Showcasing Fabric of Art

Eric Wolfe
Irvin Morazán’s ‘Ghettoblaster/Musical Chair Performance.’

El Museo’s Bienal: The (S) Files 2011

El Museo del Barrio

1230 Fifth Ave., (212) 831-7272

Through Jan. 8

By LANCE ESPLUND Wall Street Journal

The “(S)” in this exhibition’s title stands for “Street,” and the show celebrates the “hood”—whether in East Harlem or El Salvador. Featuring the work of 75 Latino, Caribbean and Latin American emerging artists working in the greater New York area, its subjects encompass hip-hop, race, gender, politics, garbage, skateboards, cars, mass transit and the disparity between the haves and the have-nots. The urban environment is the catchall theme; but youth, pop culture (especially the glorification of graffiti) and strategies of appropriation, assemblage and insurrection are what bind these artists together.

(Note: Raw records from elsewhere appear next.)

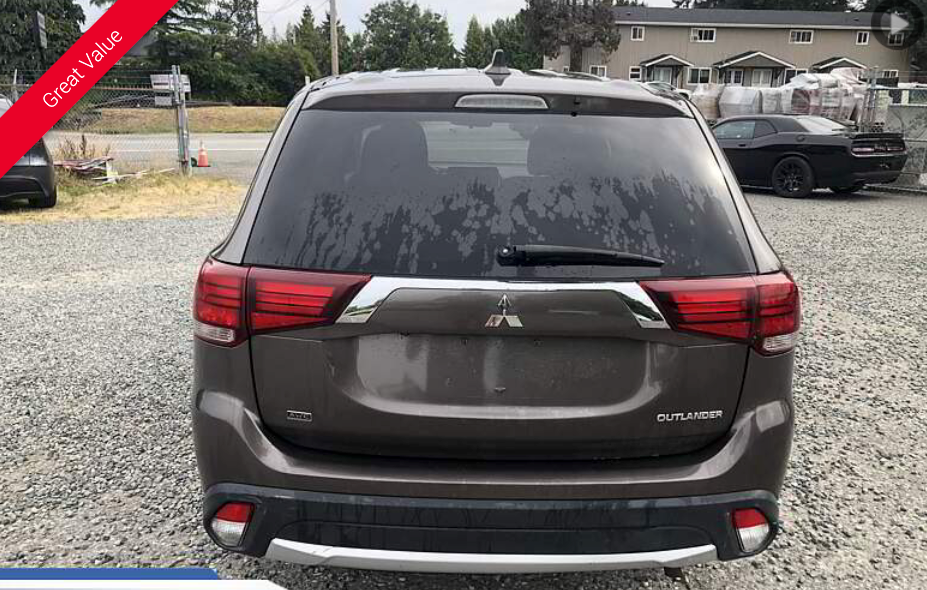 Rear view of a brown Mitsubishi SUV parked outside, overcast sky.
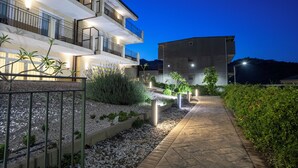 A modern multi-story building with a well-lit exterior, a paved pathway, and landscaped areas with plants and gravel. - Verdello Home Savoca (Savoca)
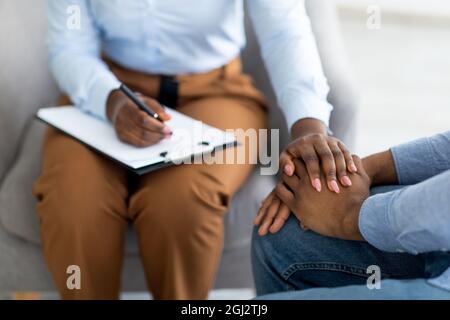Nicht erkennbarer Psychotherapeut, der depressive männliche Patienten unterstützt, seine Hände im medizinischen Büro berührt, Nahaufnahme. Berater tröstet jungen Kerl mit m Stockfoto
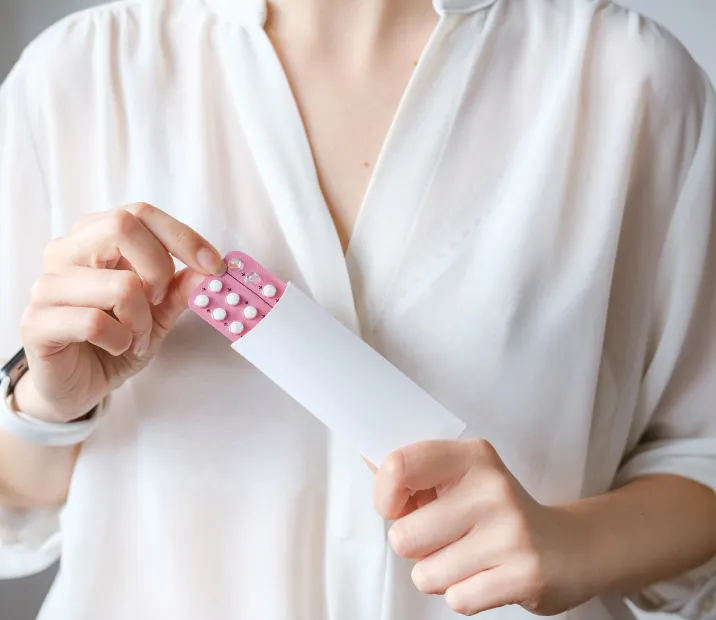 A woman holding a pack of oral contraceptive pills.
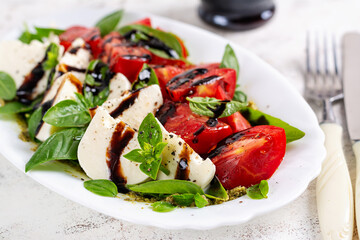 Caprese salad tomato for concept design. White background, close up. Food concept.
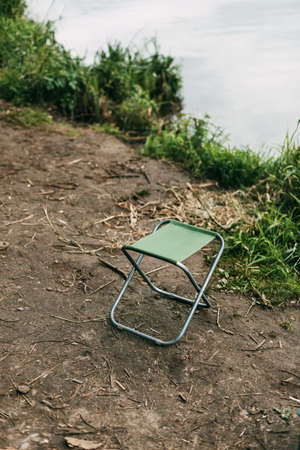 An empty chair for relaxing or fishing stands on the bank of a river or lakeの写真素材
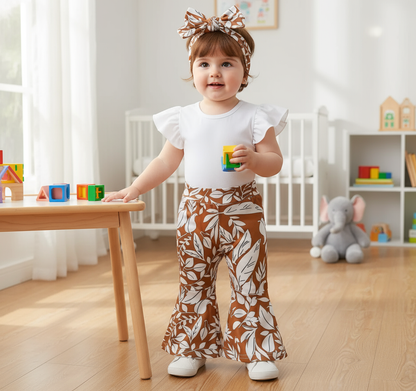 Trendy Baby Girl Outfits: 3-Piece Bell-Bottom Pants Set with White Bodysuit & Headwrap. Cute toddler wearing a stylish floral bell-bottom outfit, holding a toy in a bright playroom.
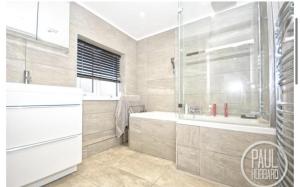 bagno con doccia, vasca e lavandino di Immaculate 3-Bed House in Bungay a Bungay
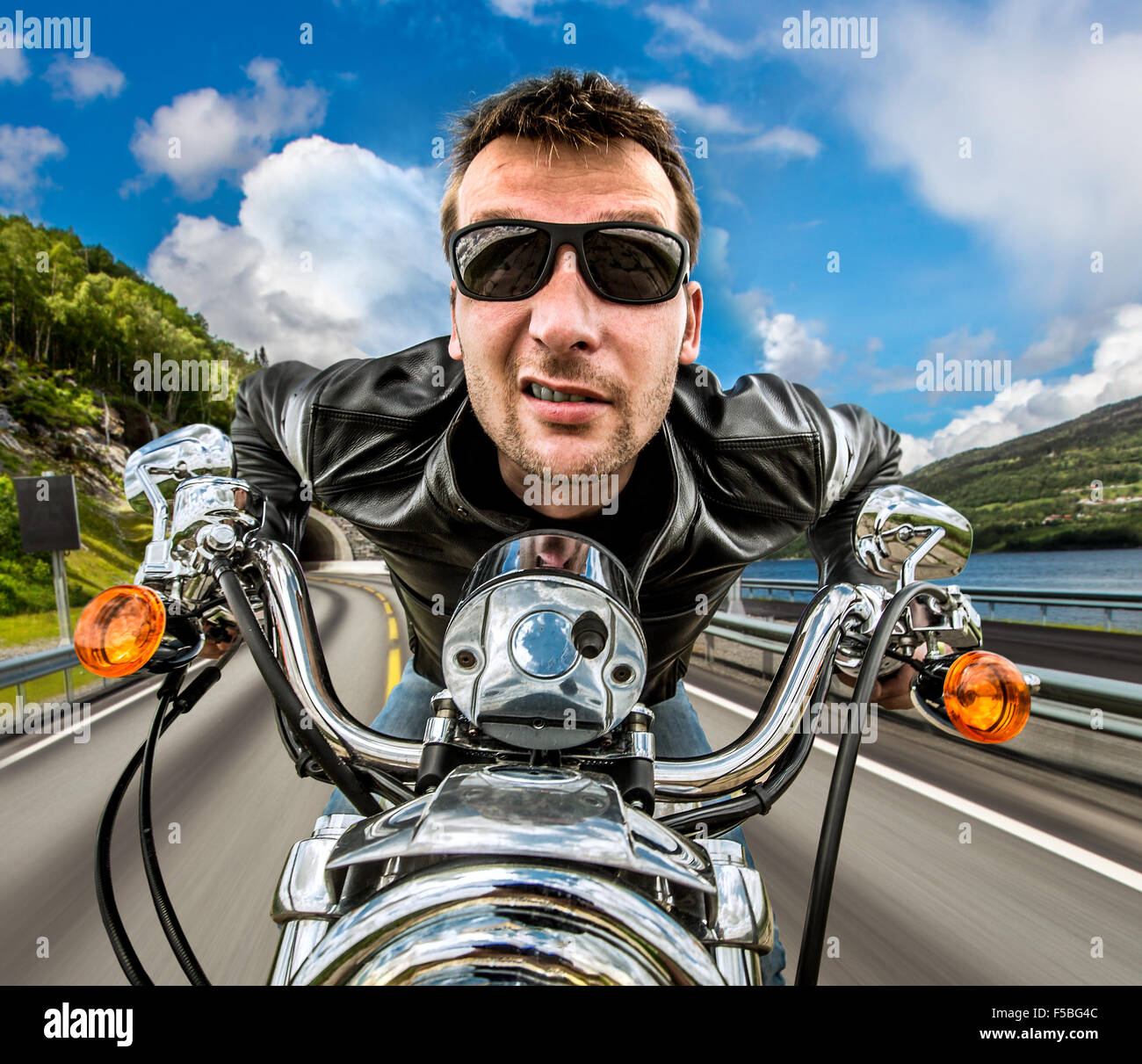 Funny Biker in occhiali da sole e giacca di pelle racing sulla serpentina di montagna. Filtro applicato in post-produzione. Foto Stock Funny Biker in occhiali da sole e giacca di pelle racing sulla serpentina di montagna. Filtro applicato in post-produzione. Foto Stock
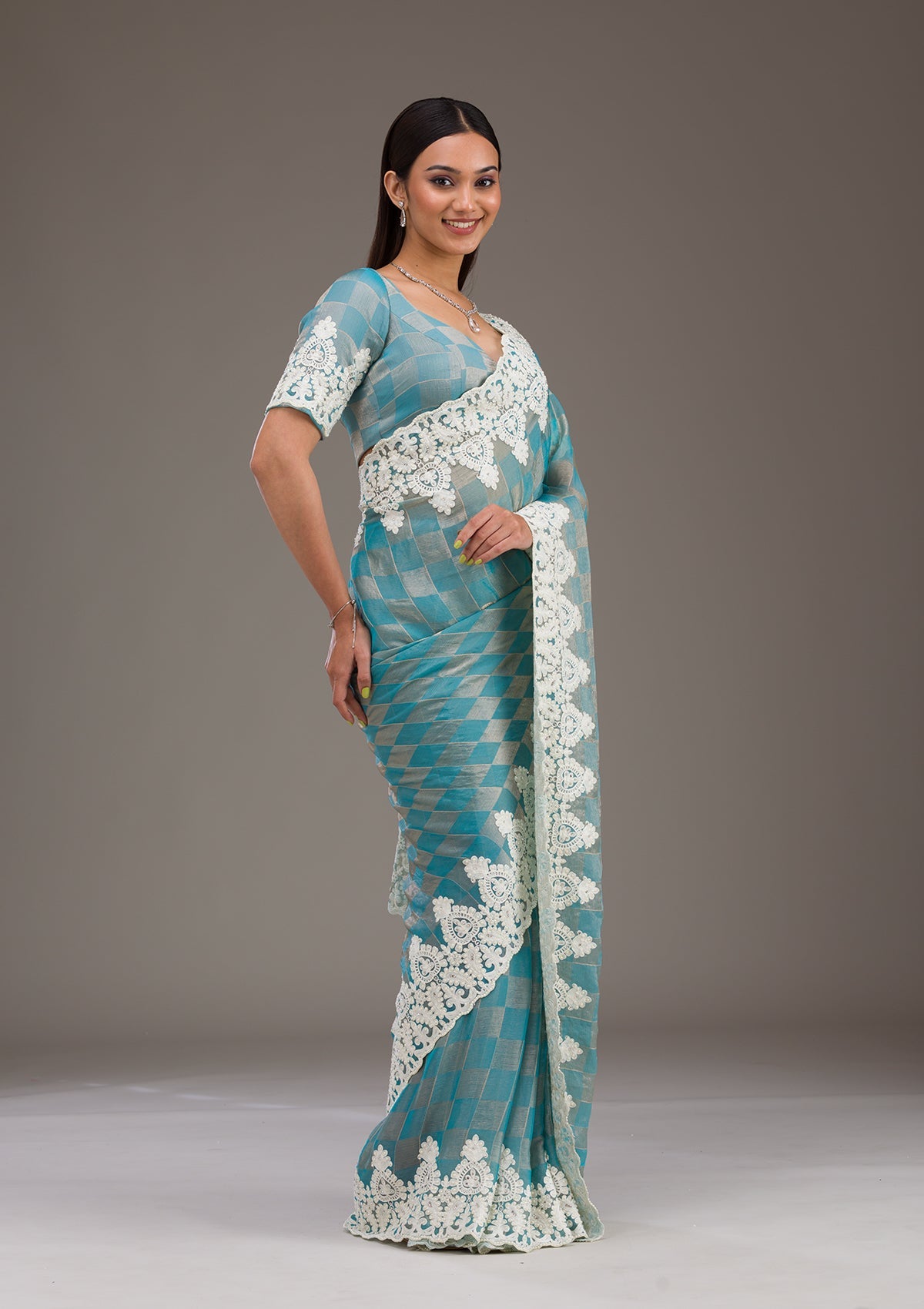 Turquoise Blue Pearlwork Tissue Saree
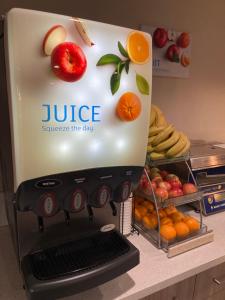 a juicer sitting on a counter with fruits and vegetables at Days Inn by Wyndham Yosemite Area in Fresno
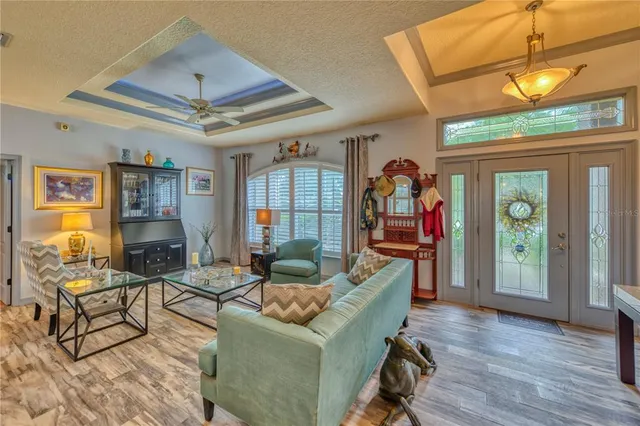 a living room with furniture and a window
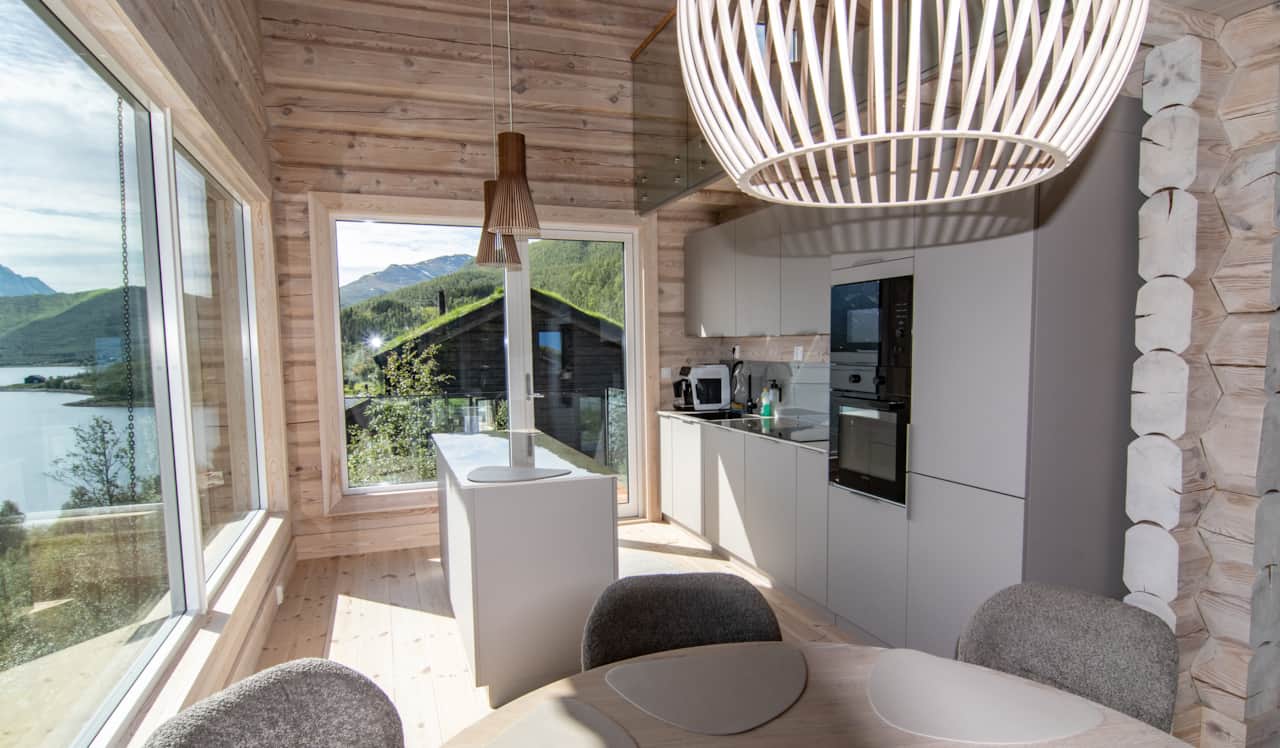 Nordlys open-plan interior with floor-to-ceiling windows facing the fjord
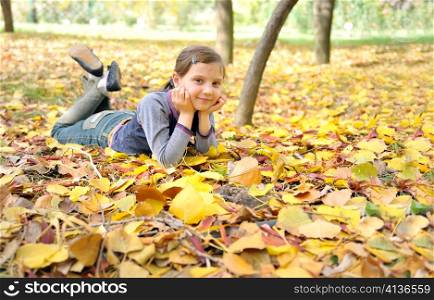 girl lying on fall leaves outdoors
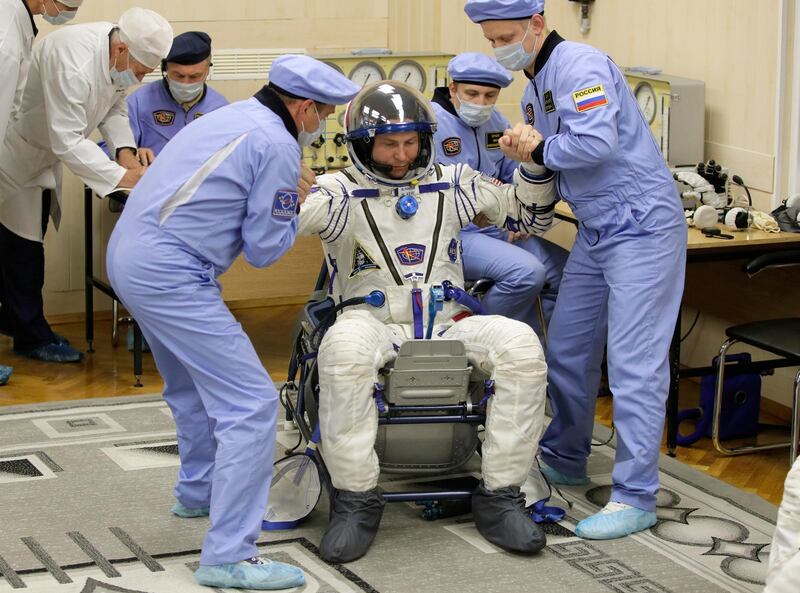 Russian Space Agency experts help Nick Hague to stand up after inspecting his space suit. AP Photo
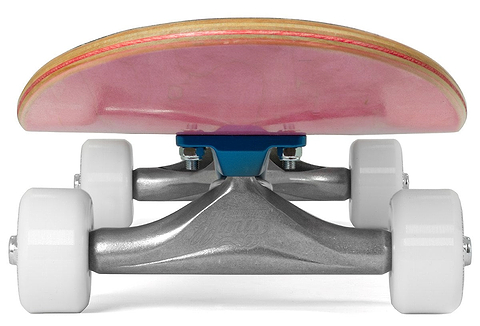 Close-up ground-level shot of the Enuff Lucky Cat Mini Pink Complete Skateboard – 7.25″ x 29.5″, featuring white wheels, silver trucks with a blue baseplate, and a wooden deck with a vibrant pink underside. Ideal as a beginner skateboard or kids skateboard from Enuff.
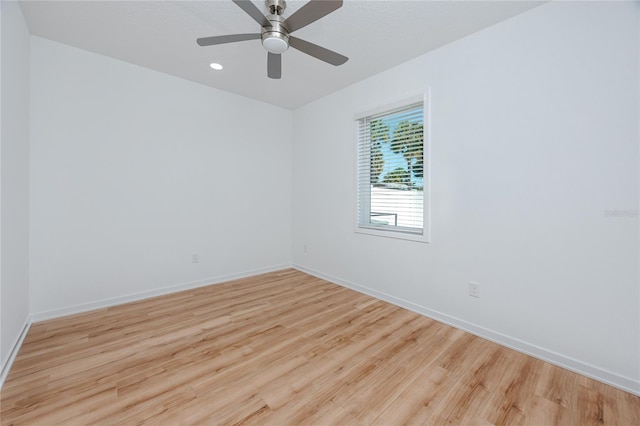 3402 E 28th Ave Unit 7, Tampa, FL 33605 - unfurnished room featuring wood finished floors, baseboards, and ceiling fan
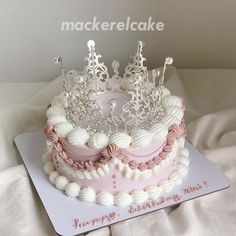 a pink and white cake with a tiara on top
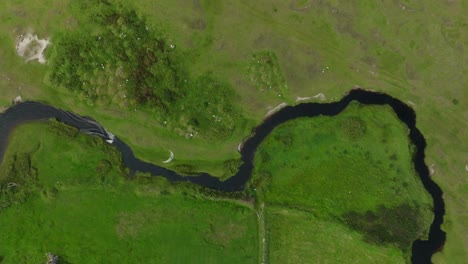 Overhead-drone-view-of-kiteboarder-navigating-winding-canal-through-lush-terrain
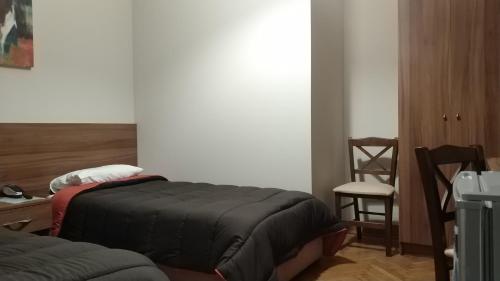 Habitación Doble Económica - 1 o 2 camas del hotel Ambrosia Suites and Aparts. Foto 5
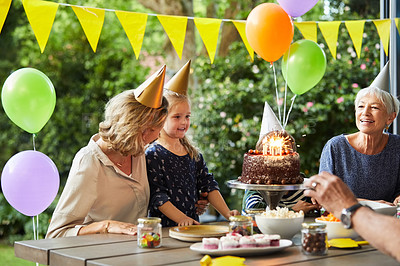 Buy stock photo Shot of a happy family celebrating a birthday at home in the garden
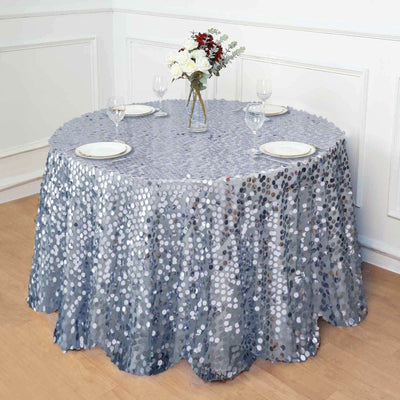 Round silver sequin tablecloth draped over a dining table with plates and flowers.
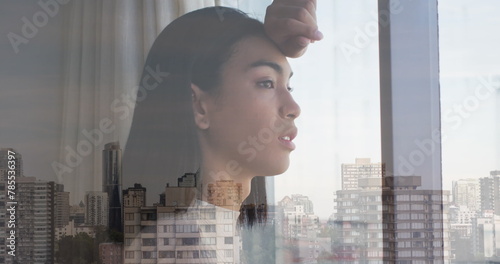 Image of cityscape over biracial woman looking through window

Most of the work here is weak on concept and weaker on execution. Exceptions (in the area of execution) include Elena Wen’s quirky animation “Drop Dead” (2009), in which pedestrians die inventively in flower beds and on a city street, and the crocheted plastic bags of Antonia A. Perez. Typical of the show are Alberto Borea’s simplistic wall installation of a rainbow made out of hundreds of colored plastic shopping bags; Hatuey Ramos-Fermin’s trite “Transmit Transit” (2010), which consists of a chopped-off car roof and speakers blaring the sounds of a livery cab’s dispatch radio; and Lisa Iglesias’s flamboyant “Always and Forever” (2010), a giant nameplate necklace made of “scavenged” cardboard. “The (S) Files,” which strives for relevance at the expense of quality, hits the street with a splat.